Only when this goal (thanks to an increase in resources for intensive and sub-intensive care, and the reduction in the number of new cases 3–4 weeks after the start of the lockdown) was achieved, could the health facilities focus on new ways for the provision of non-urgent services.
As has already been the case for schools and other workplaces, technology has made an impact in the field of health too. The use of telemedicine services for all activities that could be carried out remotely has increased hugely.

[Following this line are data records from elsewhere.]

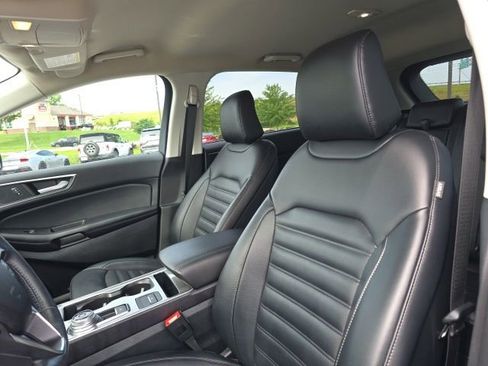 Certified 2023 Ford Edge SEL w/ Convenience Package AWD/4WD image 13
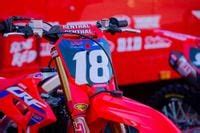 2023 Team Honda HRC Supercross and Motocross Intro | Dirt Rider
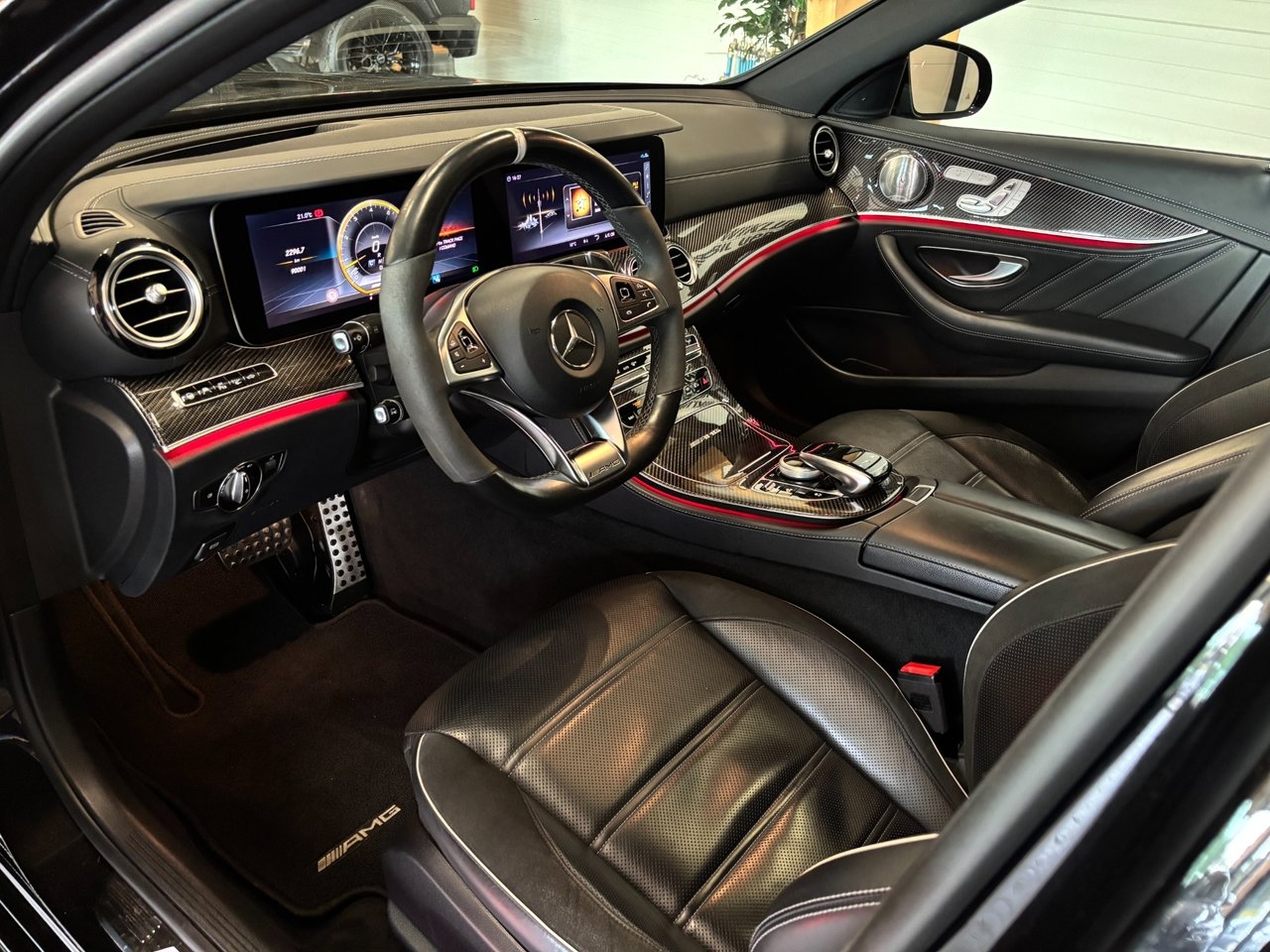 Mercedes-Benz E 2018, bild 6/25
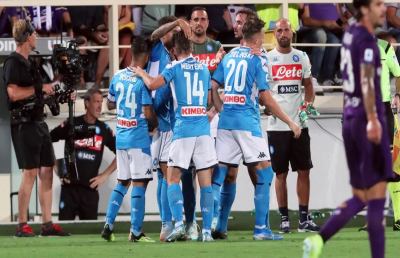 Fiorentina-Napoli 3-4, highlights. Ancelotti: ''Quanti insulti, vergognoso...''
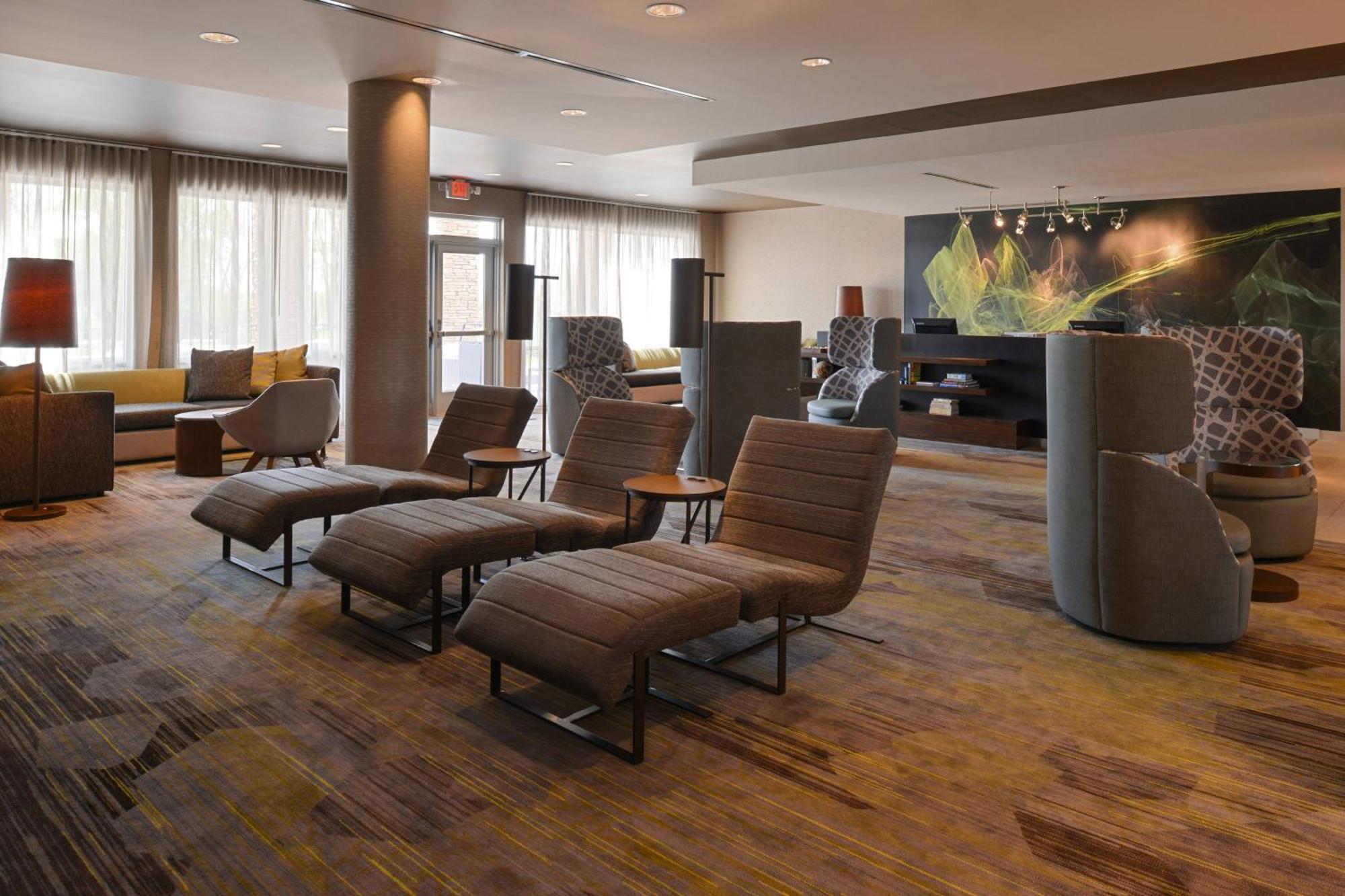Hotel Courtyard By Marriott St. Louis St. Peters Saint Peters Exteriér fotografie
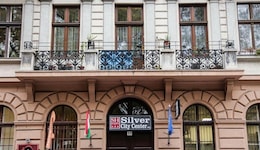 Silver Hotel Budapest City Center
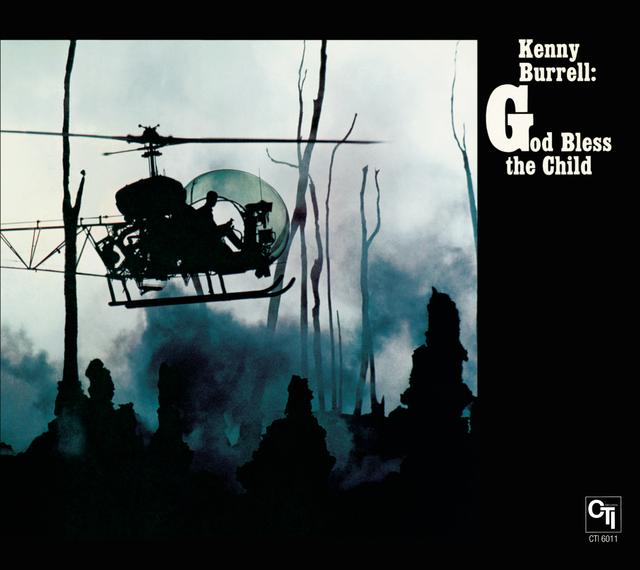 Album cover art for God Bless the Child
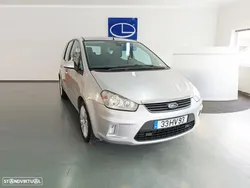 Ford C-Max 1.6 TDCi Titanium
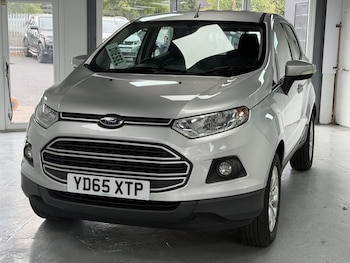 Used Ford Ecosport 2015 for sale - 78758803: Photo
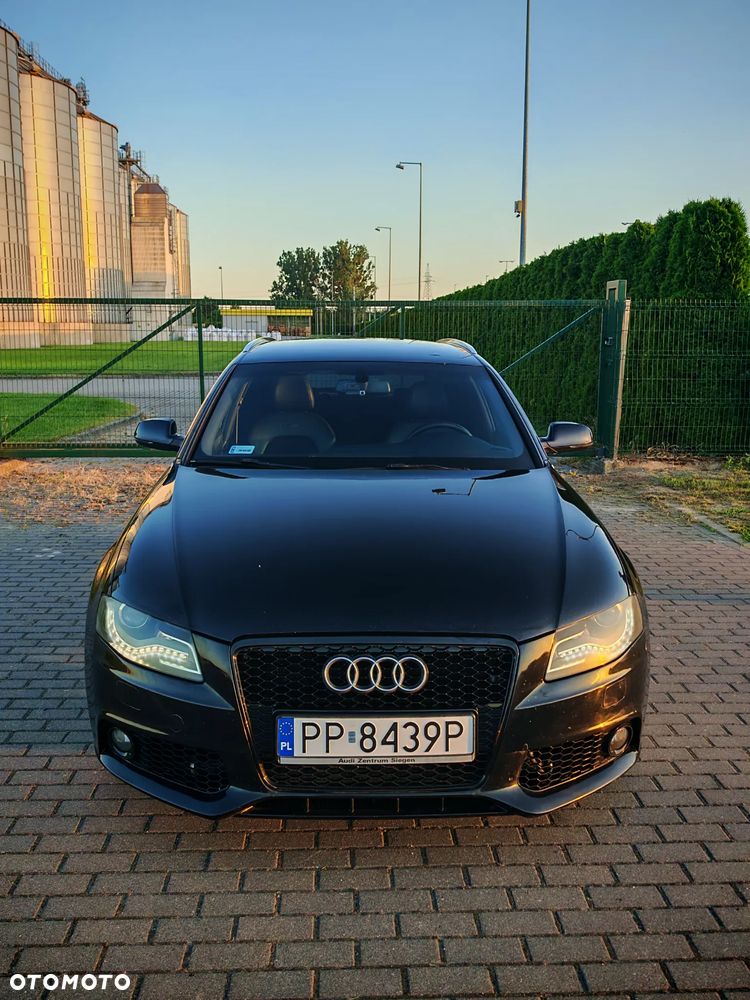 Audi A4 Avant 2.0 TDI DPF - 22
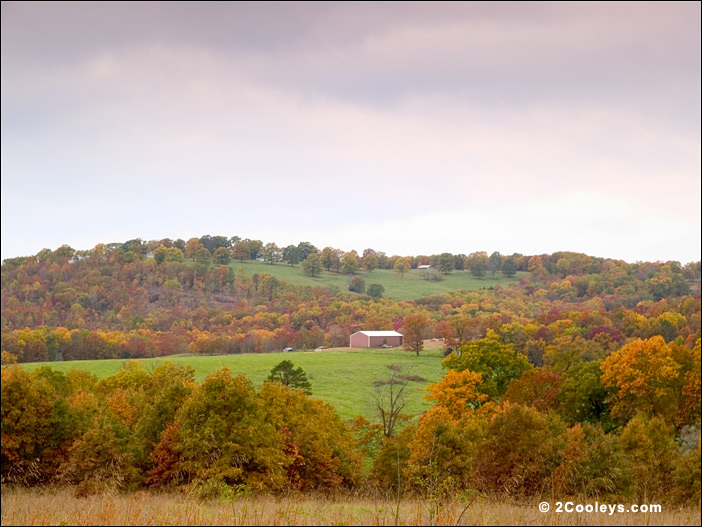 Ozark County, Missouri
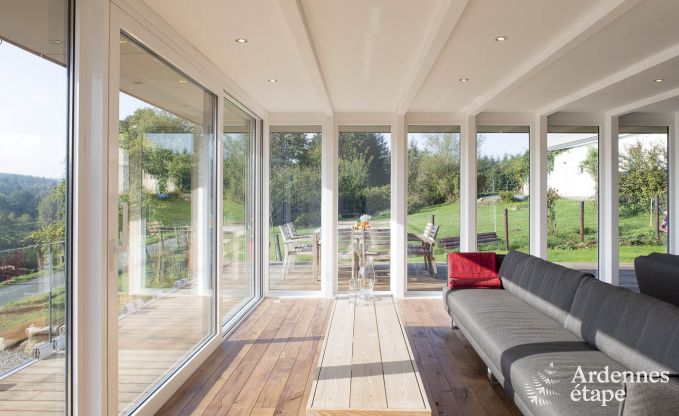 Villa de Luxe  Robertville pour 12 personnes en Ardenne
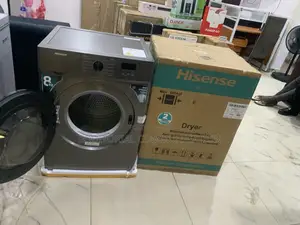 Hisense Dv1w801ut Everyday Clothes Dryer
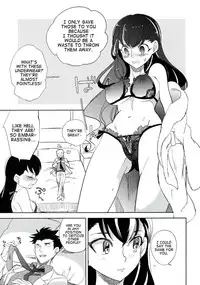 (COMITIA106) [goo-paaa (Ocha)] es to es [English] [RED + TTT]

It is surprising to think how the necessary technologies (just think of the video calls that can be taken via any smartphone, with which almost all of us are equipped) have been available for some time, but how, despite this, it is difficult to change established habits and ways of working. In Italy, in this regard, the majority of patients and health professionals had never used telemedicine services before this pandemic.

Today, a considerable number of the non-urgent clinical activities are carried out through telemedicine services. This is particularly useful for the follow-up of frail subjects, in order to limit the chances of infection. But it is useful in general to guarantee a better social distancing, also taking into consideration that – although the epidemiological condition has improved considerably since last March and April – still today and we do not yet know how long, we will not be able to use the facilities and waiting rooms in the same way we were used to before the arrival of this coronavirus.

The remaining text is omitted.